Lamar should start writing an etiquette column. I will read it as I stuff an entire buttered roll into my mouth. It’s one bite!
You’re poutine me on, Spin! What are you supposed to hold the fork with?
Spin, he was one of those college frat boys whose name ends in “, III.” I didn’t join a frat, which — I’m sure — was another point in my favor. After being in the military, I wasn’t going to be ordered around by some college kid younger than I was.
I was going to wish you a happy birthday, Shra, but then I remembered Facebook would be a more appropriate place to do that…
Dear Miss Manners:
Is it better to lick the mouth of the Catsup bottle before one uses it or after one is finished?
Doc: Licking the mouth of the catsup bottle before it is used will assure you of sole use of said bottle during your meal.
@Spin: they recently asked me where I slept as a child… Under a rock or in cardboard box or something? It led to a pretty funny conversation.
@Unca, what if you only dip a bite size piece of bread into the gravy boat? Would that be ok?
@Spin,
I believe there is a misunderstanding here somewhere: eating poutine cannot, under any circumstance, be considered to be polite by any extent of the imagination. Oh, and by the way, that applies also for vegemite, in case you were wondering.
oh,so dipping your bite size piece of bread into the gravy boat is wrong? Ooooops!
I just had a childhood memory flash into my mind. My dad’s parents are English, and his mother in particular is a lady of a very proper manner. She never criticises or derides anyone for the way they behave, speak or think, she just prefers to operate to her own standard.

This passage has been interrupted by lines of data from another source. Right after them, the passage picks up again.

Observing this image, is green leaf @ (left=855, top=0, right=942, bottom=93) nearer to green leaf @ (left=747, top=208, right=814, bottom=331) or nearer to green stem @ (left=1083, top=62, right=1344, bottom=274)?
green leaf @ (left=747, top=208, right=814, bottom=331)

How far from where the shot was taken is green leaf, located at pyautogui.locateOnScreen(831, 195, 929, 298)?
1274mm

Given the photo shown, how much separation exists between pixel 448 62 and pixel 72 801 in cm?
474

Anyway, we were at a typically noisy gathering of my mother’s family, and the main items for dinner were large homemade hamburgers, with a side-order of french fries and onion rings. I had never before, or since, seen someone eat such a meal using a knife and fork, and certainly not as efficiently or effectively as she did.
Right, or if she’s overweight, perhaps a nom de plump…

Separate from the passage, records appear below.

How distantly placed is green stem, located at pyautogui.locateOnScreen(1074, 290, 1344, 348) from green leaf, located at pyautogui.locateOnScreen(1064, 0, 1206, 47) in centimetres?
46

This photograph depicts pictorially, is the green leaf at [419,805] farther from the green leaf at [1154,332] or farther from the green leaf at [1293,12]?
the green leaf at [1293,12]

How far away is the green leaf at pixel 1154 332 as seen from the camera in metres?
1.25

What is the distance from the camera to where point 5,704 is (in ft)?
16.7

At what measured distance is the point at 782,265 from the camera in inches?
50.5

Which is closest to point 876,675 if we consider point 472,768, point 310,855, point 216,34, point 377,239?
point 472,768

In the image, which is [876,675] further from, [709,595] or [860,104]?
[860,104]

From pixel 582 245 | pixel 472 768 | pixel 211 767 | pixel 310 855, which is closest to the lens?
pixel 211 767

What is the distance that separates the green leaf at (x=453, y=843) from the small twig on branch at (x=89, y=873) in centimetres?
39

You know, when I first came here, I was actually worried if my table etiquettes were ok… and yes, Nosmo, I have attempted to eat a burger using a fork and knife… it was very messy….
Burgers with all the trimmings can be very messy. I often will cut the sandwich in half and then eat it normally. It’s then much easier to eat it with one hand while the other hand is clenched around a fist of french fries.
Aye Missy… the Scots are prooood of theeyer qzeen here…
No, I would have noticed him around the office. But I do like to think I see his inspiration in everything I write….
I was once on a business trip to Denmark to look at potato sorting robots, and all the people I met there ate sandwiches with a knife and fork.
@CrowGirl, really? Wow and I thought people who ate pizza with a knife and fork were weird!
Denmark is the place to go for potato sorting robots?
You say either and I say either, You say neither and I say neither
Either, either Neither, neither, Let’s call the whole thing off.
You like potato and I like potahto, You like tomato and I like tomahto
Potato, potahto, Tomato, tomahto, Let’s call the whole thing off
Or, as I would like to say to some of my relatives:
You say “worsh” and I say “wash.” You say “feesh” and I say “fish.” You’re wrong, you hillbilly redneck.
Yes… you absolutely HAVE to eat in full body armour…
We may be related, Doc…
Oh, silly me, I forgot to mention… you can keep the visor open…
“we may be related”: Do you also have relatives whose “English” you cannot understand, Bob?
As for eating with a knife and fork, I often eat lunch with prosecuting attorneys. Such omnivores eat only with their hands.
When I say “robot” – it wasn’t as cool as that may make it sound… But they did put me up in the prettiest hotel it’s ever been my pleasure to stay in.